■ **TASK GOAL**
Please give back the lines from the line containing "Blue Bengal Stripe Piped Cotton Nightshirt" through the end of the listing below, exactly as written and without pictures.

■ **DATA RECORDS**
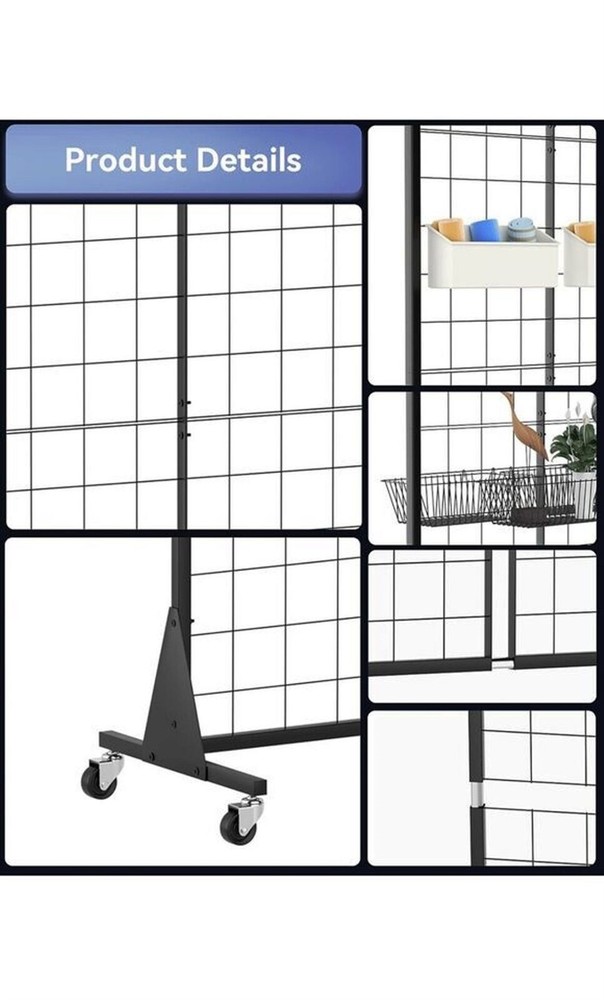 Blasinc Gridwall Panel Display Stand 2' x 5.5' Ft Heavy Movable Floorstanding De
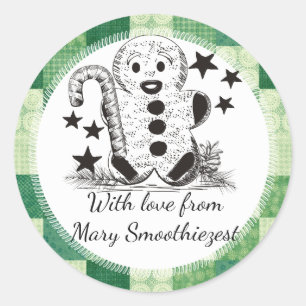 Gingerbread Mann Weihnachtsessen aus der Küche Runder Aufkleber
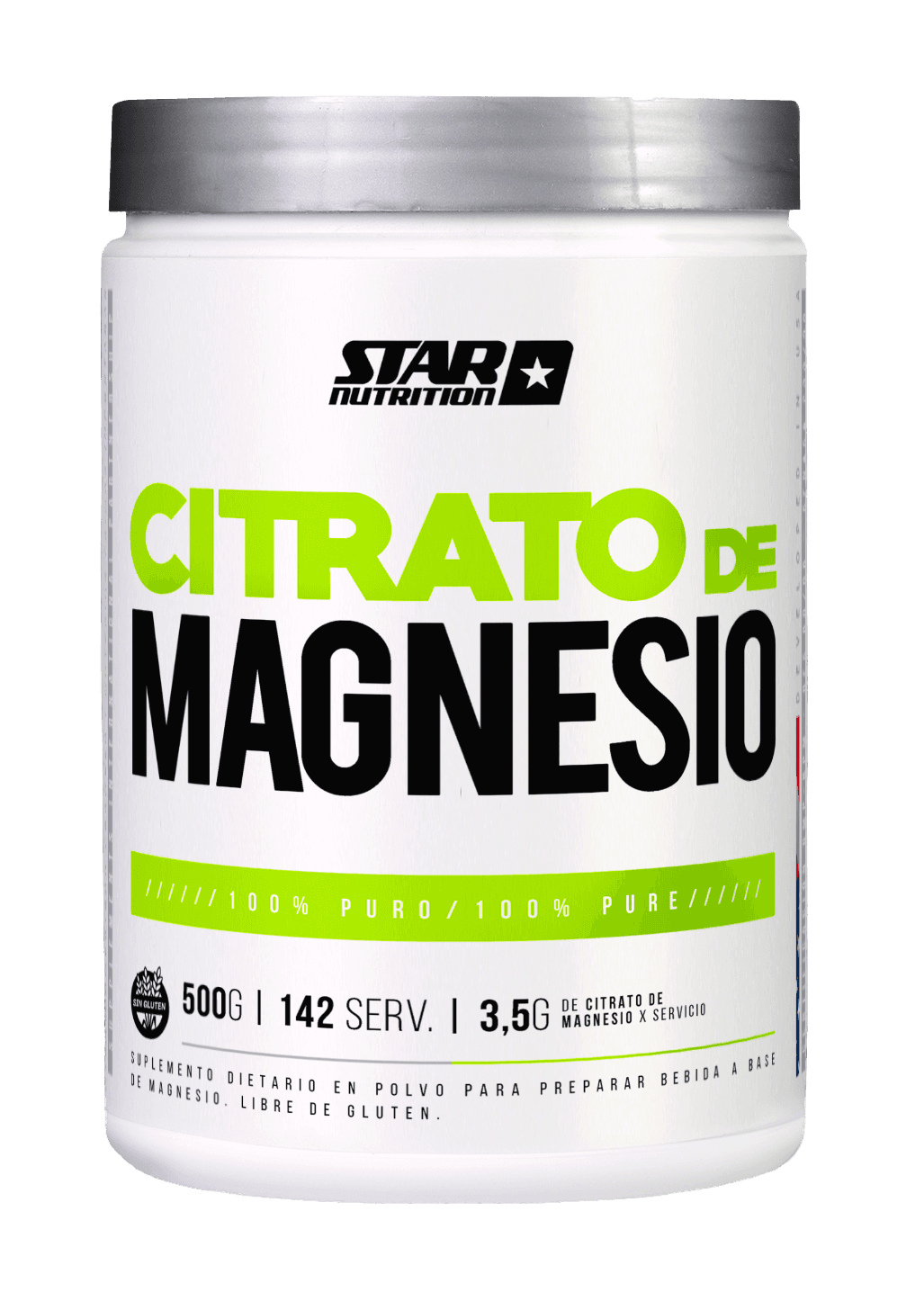 Star Nutrition Citrato de Magnesio Sin Sabor - Polvo 500 Gr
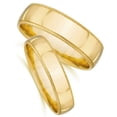 thumbnail image 2 of Pompeii3 Matching Gold His Hers Polished Wedding Band Ring Set, 2 of 5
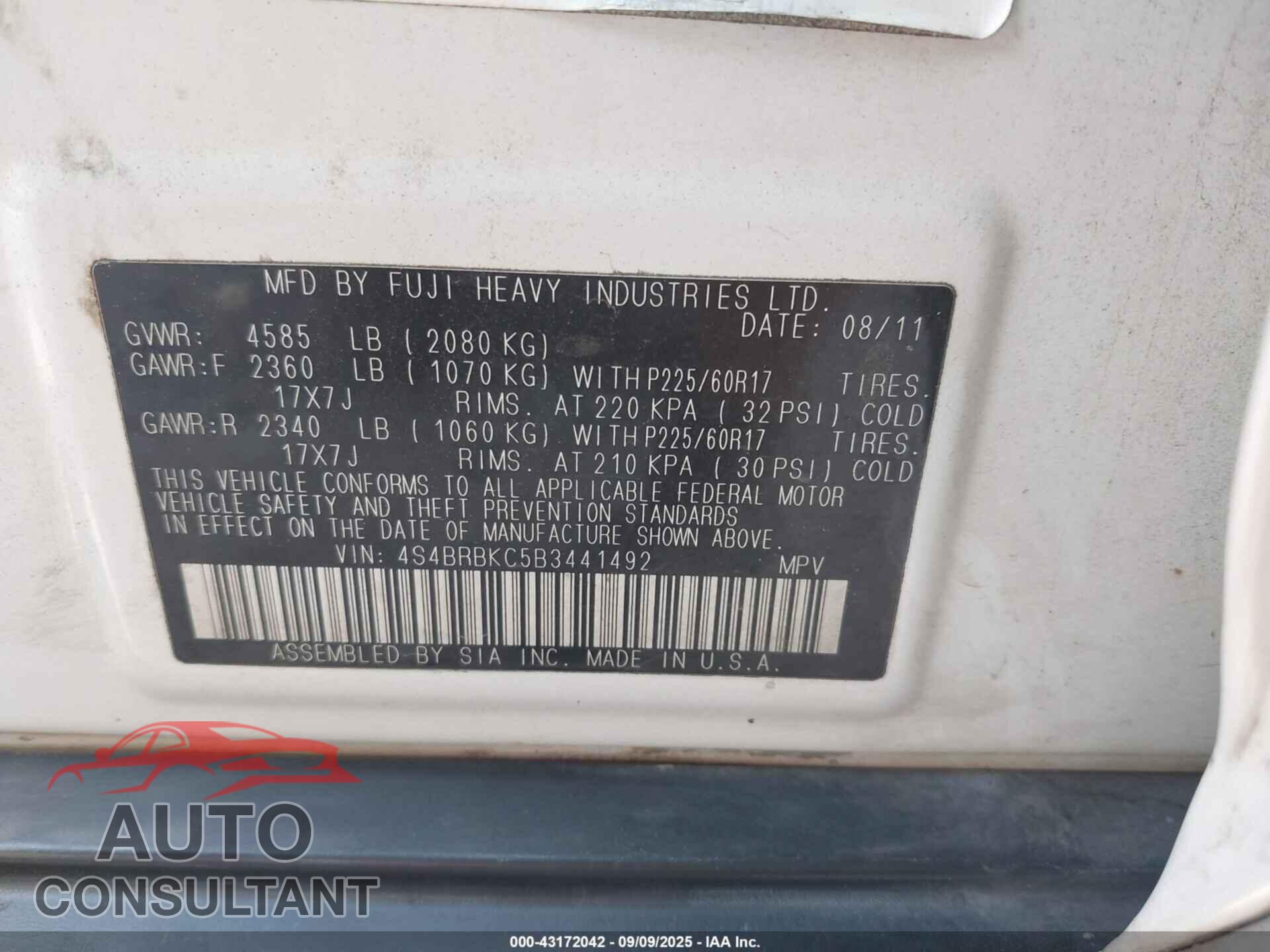 SUBARU OUTBACK 2011 - 4S4BRBKC5B3441492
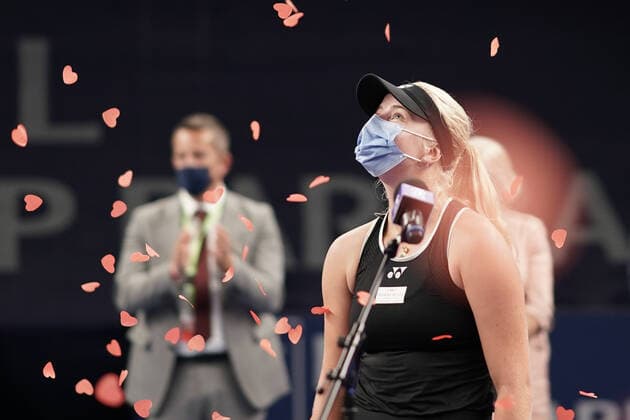 Tennis WTA Tournament Luxembourg BGLBNPParibas Open 2021, 19 09 2021, Tennis WTA Tournament Luxembourg, BGLBNPParibas Open 2021, BGL BNP Paribas Open, 2021, Luxembourg, Kockelscheuer, CK Sportcenter, final, singles, final womens singles vl Clara Tauson Daenemark, Denmark, DEN winner of the 2021 tournament with hearts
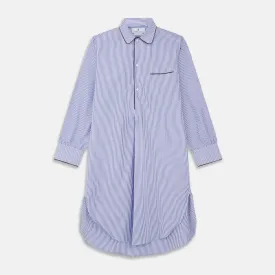 Blue Bengal Stripe Piped Cotton Nightshirt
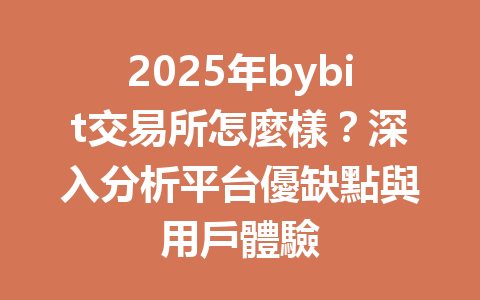 2025年bybit交易所怎麼樣？深入分析平台優缺點與用戶體驗 一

■ **RESPONSE**
 Blue Bengal Stripe Piped Cotton Nightshirt
 2025年bybit交易所怎麼樣？深入分析平台優缺點與用戶體驗 一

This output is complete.